What is expected:
The line containing "Fresh green cilantro" marks the start; extract exactly from it through the last line of the entries, and omit any pictures.

(Data entries)
————

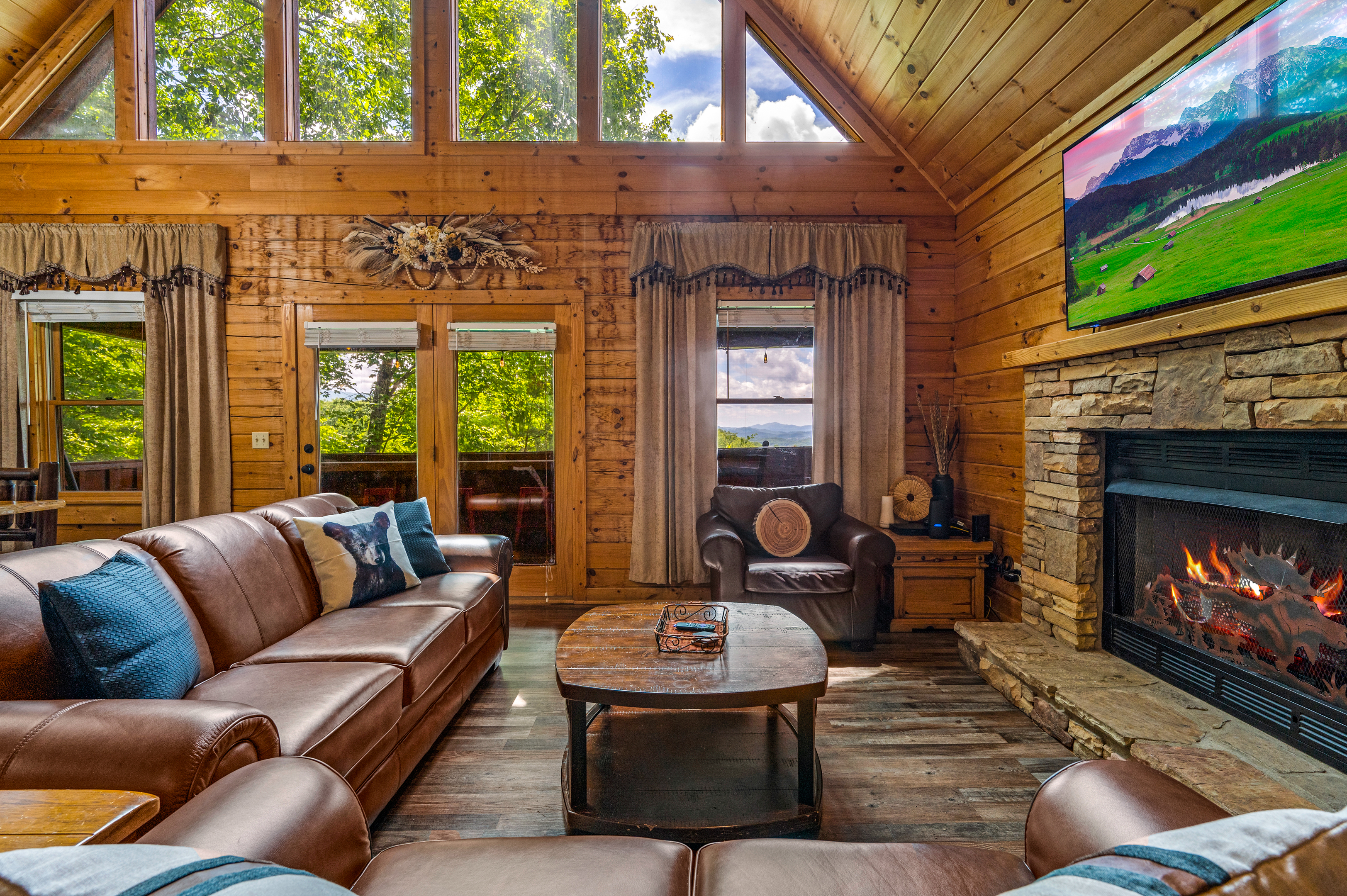 The intimate stone fireplace creates a lovely gathering setting.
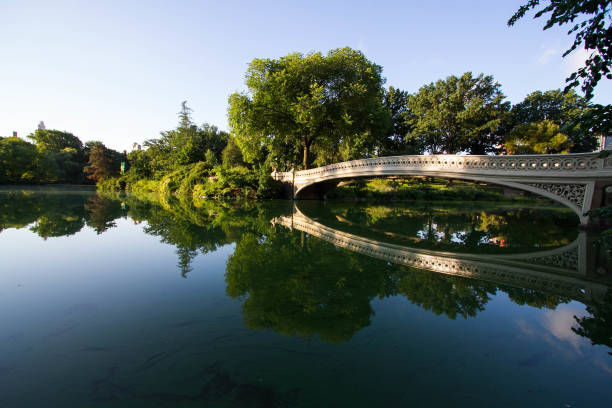 istock Bow bridge clearly reflects on the lake at Central Park with sky 811745426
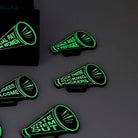F*ck these F*cking F*ckers Megaphone brooch, shown glowing in the dark.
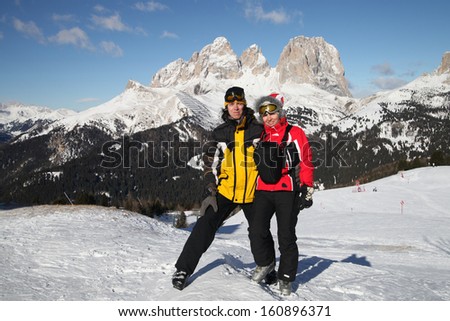 Two persons on a mountain-skiing slope, Dolomites, Italy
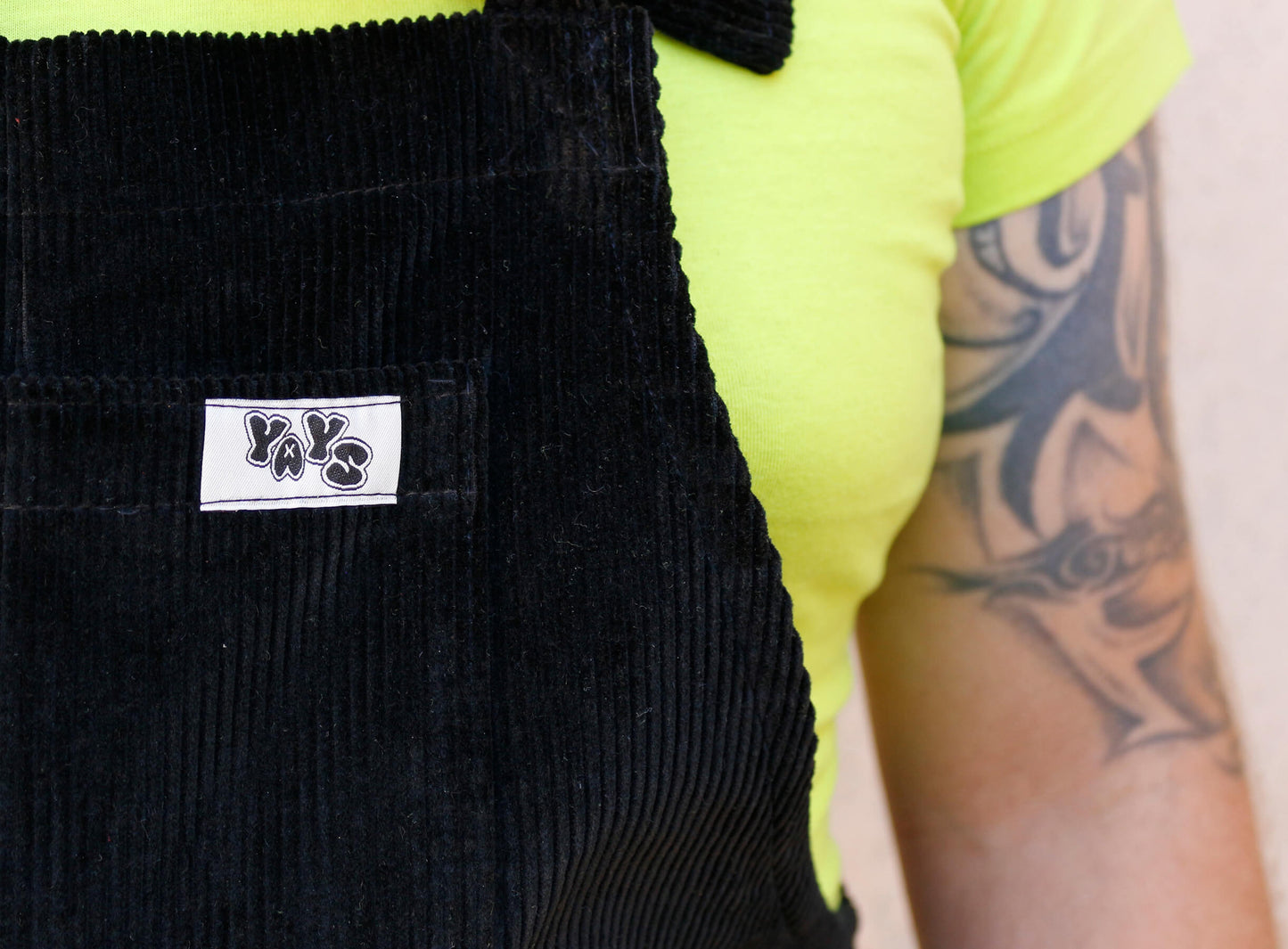 Male model, posing wearing YAYS dungarees in Pine Green, front view close-up on the frotn pocket and YAYS logo tag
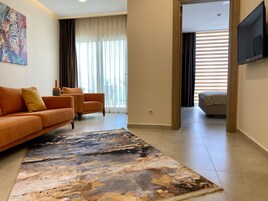 Una sala de estar moderna con un sofá, sillones y una alfombra grande.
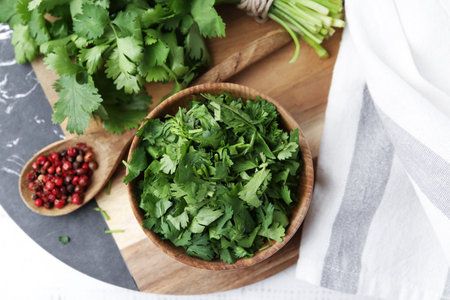Fresh green cilantro and peppercorns on white table, top viewの写真素材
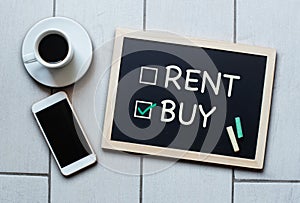 Buy not rent blackboard concept. Choosing buying over renting.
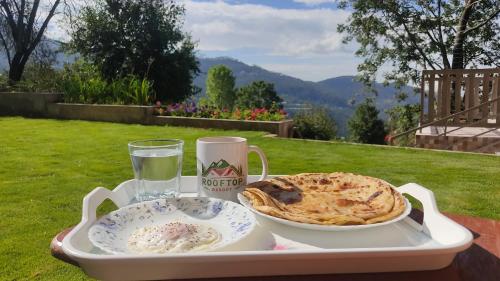 una bandeja con un plato de comida y un vaso de agua en Roof Top Resort, en Murree
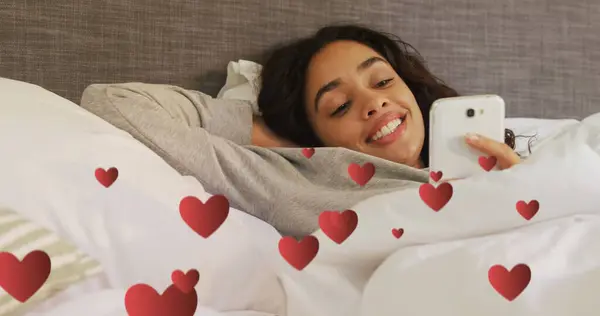 Digital composite of a Hispanic woman lying in bed smiling while texting and digital hearts flying in the foreground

————

Task output:
Fresh green cilantro and peppercorns on white table, top viewの写真素材
 Buy not rent blackboard concept. Choosing buying over renting.
 una bandeja con un plato de comida y un vaso de agua en Roof Top Resort, en Murree
 Digital composite of a Hispanic woman lying in bed smiling while texting and digital hearts flying in the foreground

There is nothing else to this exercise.